**Short descriptive text snippets:**
═══

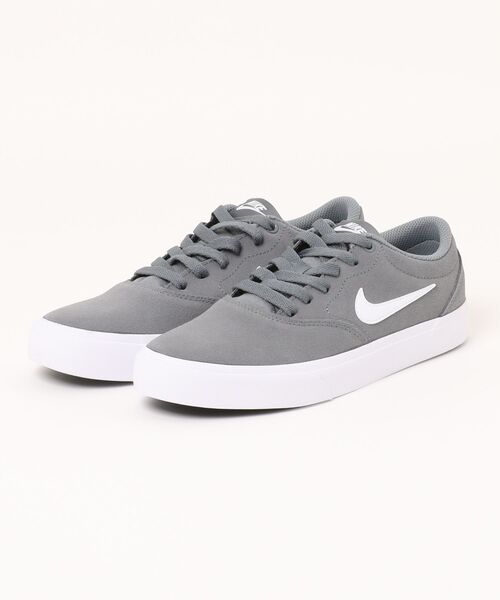【送料関税無料】 セール】NIKE ナイキ CHARGE SUEDE チャージ スエード MIB2750 靴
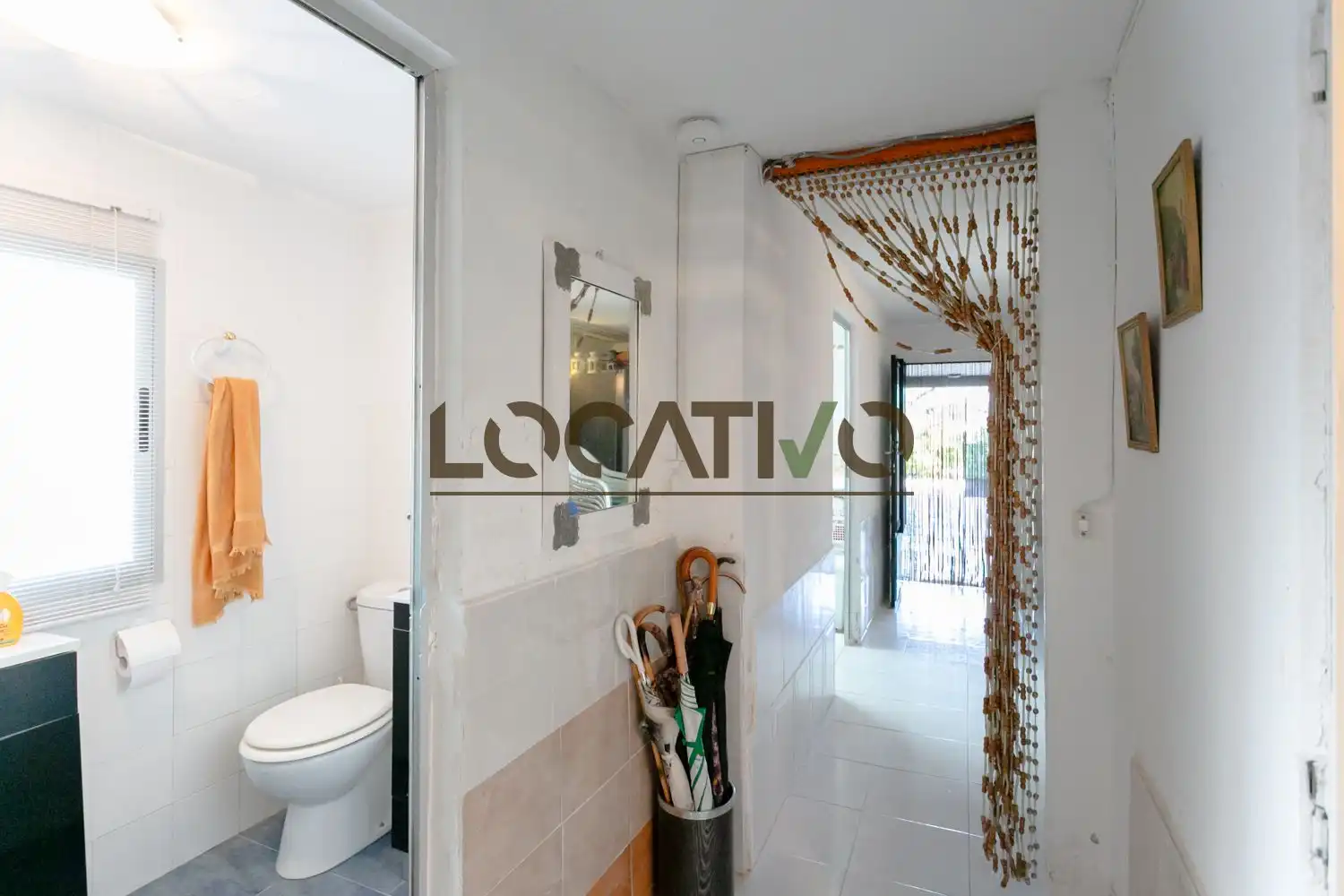 Casa o chalet en venta en Sotillo de la Adrada con Aire acondicionado, Calefacción y Jardín privado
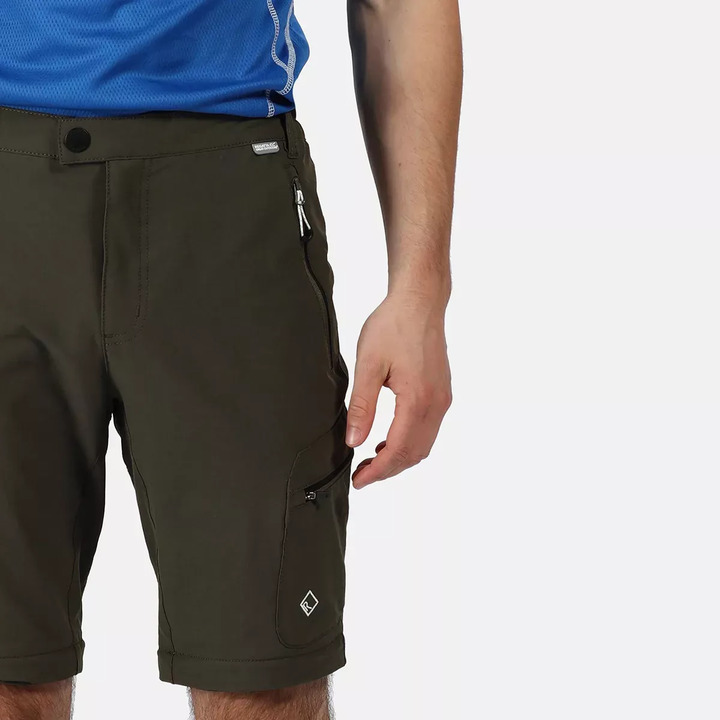 Men's pants Regatta Highton Z/O - 88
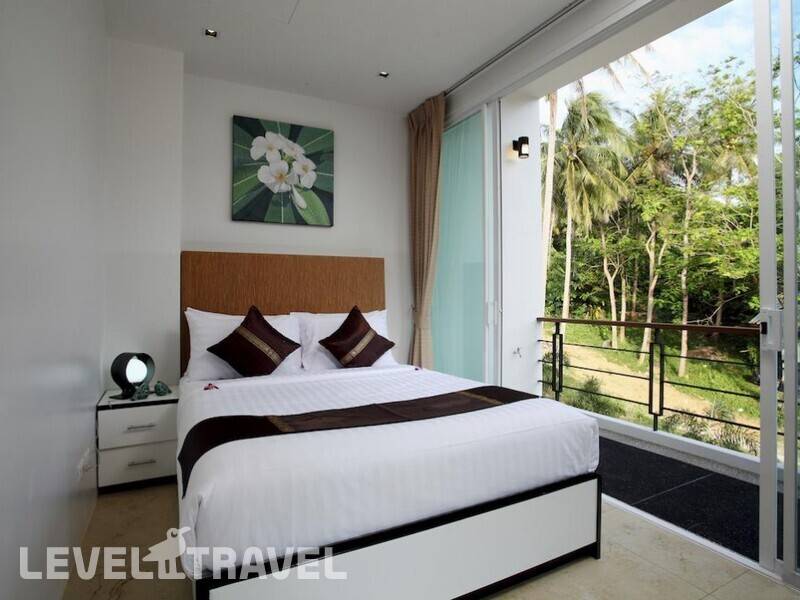Фотография Kata Seaview Villa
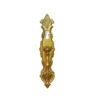Brass Cabinet Pull 130mm #716 (Set of 4 Pcs)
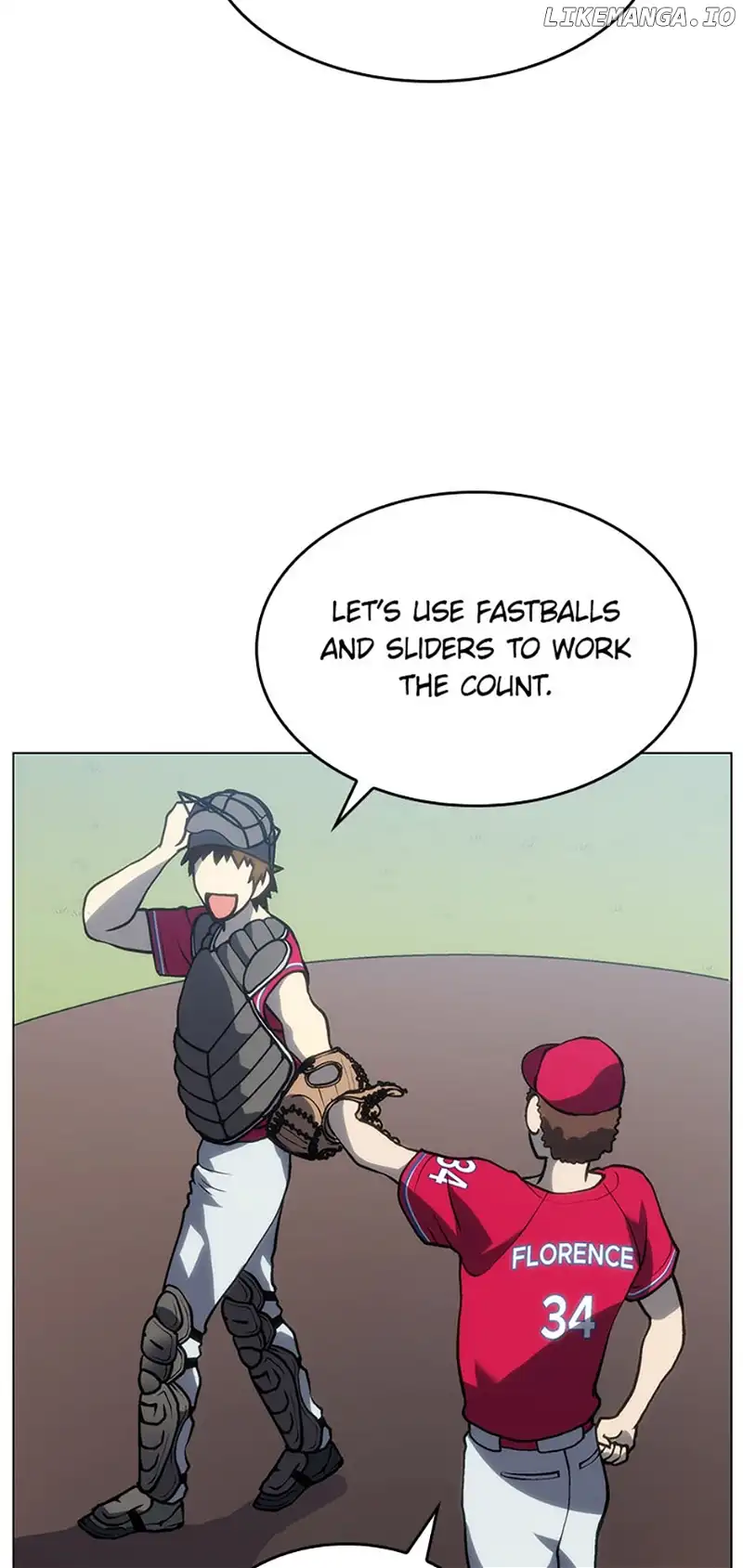 Home Plate Villain - Chapter 29 Page 23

═══

**TASK DESCRIPTION:**
For each record above, write out every line exactly and skip the pictures.

**SOLUTION FOR THIS PROBLEM:**
【送料関税無料】 セール】NIKE ナイキ CHARGE SUEDE チャージ スエード MIB2750 靴
 Casa o chalet en venta en Sotillo de la Adrada con Aire acondicionado, Calefacción y Jardín privado
 Men's pants Regatta Highton Z/O - 88
Фотография Kata Seaview Villa
Brass Cabinet Pull 130mm #716 (Set of 4 Pcs)
 Home Plate Villain - Chapter 29 Page 23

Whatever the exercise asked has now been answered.